I am attempting to work out whether my wing mirrors can fold in. (97 hymer 584). The arms seem to be well embedded into a holder on the door. They do not appear to move, but there is a grease nipple on the holder. On the bottom of the arm, under a plastic cover, is a large, well rusted nut. Any ideas on whether this should fold in?

Chris.


----------



## provencal (Nov 5, 2008)

Hi Chris,
We have a LHD '97 B534 and had the same problem. Southdowns, who sold us the van seemed clueless about it and foolishly I decided to leave the problem for after the hols.
Coming through a toll booth in a tunnel under Marseille, I crept forward to throw money into the basket and just clipped a panel with the RHS mirror. We were doing about 0.1 mph but it ripped off the mirror complete with its mounting, leaving a nasty mess.

Pull down the plastic cap and remove the plug. The mirror should the slide upwards on the dovetailed arrangement. WD40 and gentle tapping may be necessary to enable the assembly to be removed from fixed part, which is attached to the van body with four screws.
I removed the fixed part to be used for holding the assembly to do the rest of the operation.
The rusty nut can be removed after liberally soaking with WD40 and then the end of a coil spring will be seen. More WD40 and patience and the spring can be pulled out after which the mirror arm should eventually be able to be loosened.
It will be worth it in the long run.
Best of Luck,

Brian

PS. Screwed the holder to a fixed solid lump of timber whilst easing the arm to and fro. Very small rotation at first then more until it all came out.

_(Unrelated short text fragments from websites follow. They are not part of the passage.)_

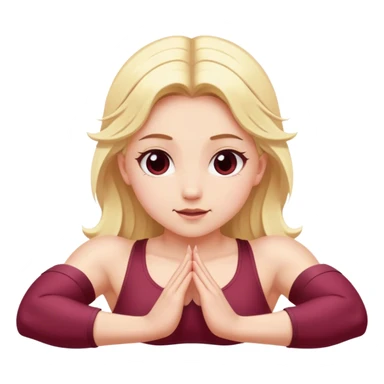 angelic blonde girl stretching in Burgundy  gym  sticker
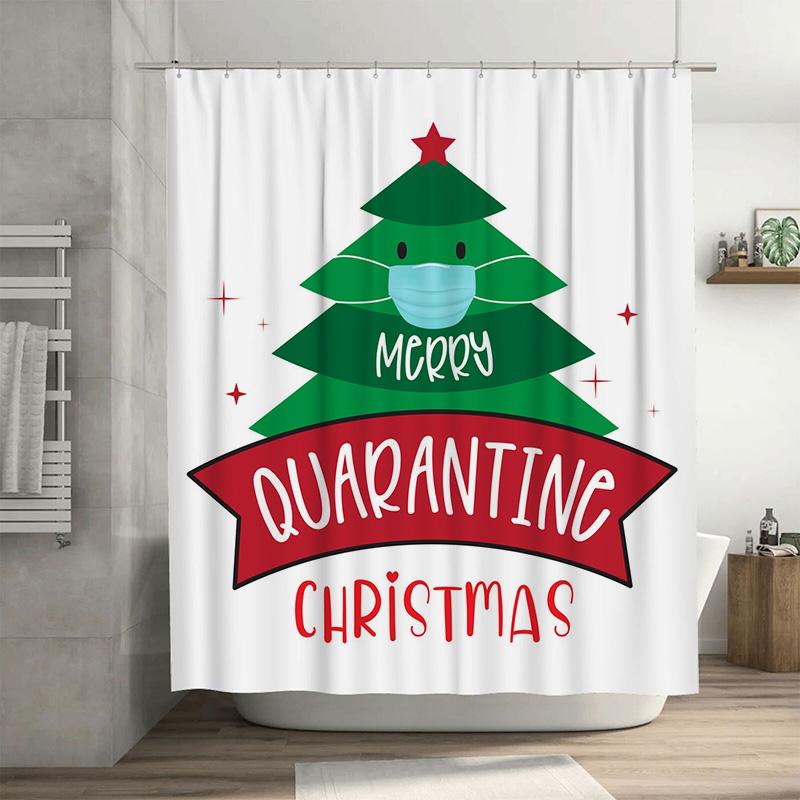 

Tu Christmas Shower Curtain Festive Holiday Decor Waterproof Bathroom Set Modern Farmhouse Style Backdrop Home Decor W60H190(CM)-1 Pcs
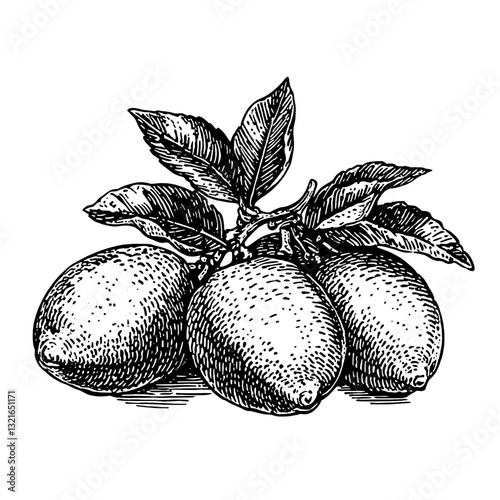 Three intricately engraved lemons with lush leaves, perfect for tattoo designs or packaging illustrations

Now grease regularly.

Hope this helps.


----------



## peeter (Aug 6, 2009)

*hymer mirror*

I used to fold the mirror on my 584 2001 back to park up close to a wall.I found after folding back a few times it would not stay in position.The garage looked at it and said the ajustable position holder no longer worked and suggested a new mirror!!. I have now put tape around it to hold it in place,and that seems to work if a bit untidy.


----------



## provencal (Nov 5, 2008)

Hi again Chris, 

If your mirrors ('97 vintage) are like ours, the large nut adjusts the amount of compression of the coil spring to adjust the rotational resistance of the mirror. In this way, you can set the mirror arm to lift out of the vee at the base at a force just above that created by windage. 

Hope this is useful, 

Brian


----------



## Carper (Aug 15, 2007)

christedman said:


> I am attempting to work out whether my wing mirrors can fold in. (97 hymer 584). The arms seem to be well embedded into a holder on the door. They do not appear to move, but there is a grease nipple on the holder. On the bottom of the arm, under a plastic cover, is a large, well rusted nut. Any ideas on whether this should fold in?
> 
> Chris.


Chris

Remove the plastic cap and slacken the nut. Once the nut is only half on the thread, tap it upwards with a mallet. When the shaft is loose, remove the nut and spring.

You now should be able to withdraw the mirror and shaft. It may be rusty and need cleaning with some emery paper. Grease the shaft and re-assemble. tighten the nut until you are unable to fold the mirror, then back it off until you can.

I can't fold my mirrors back, they are too big, so I fold them forward.

Hope this helps

Doug


----------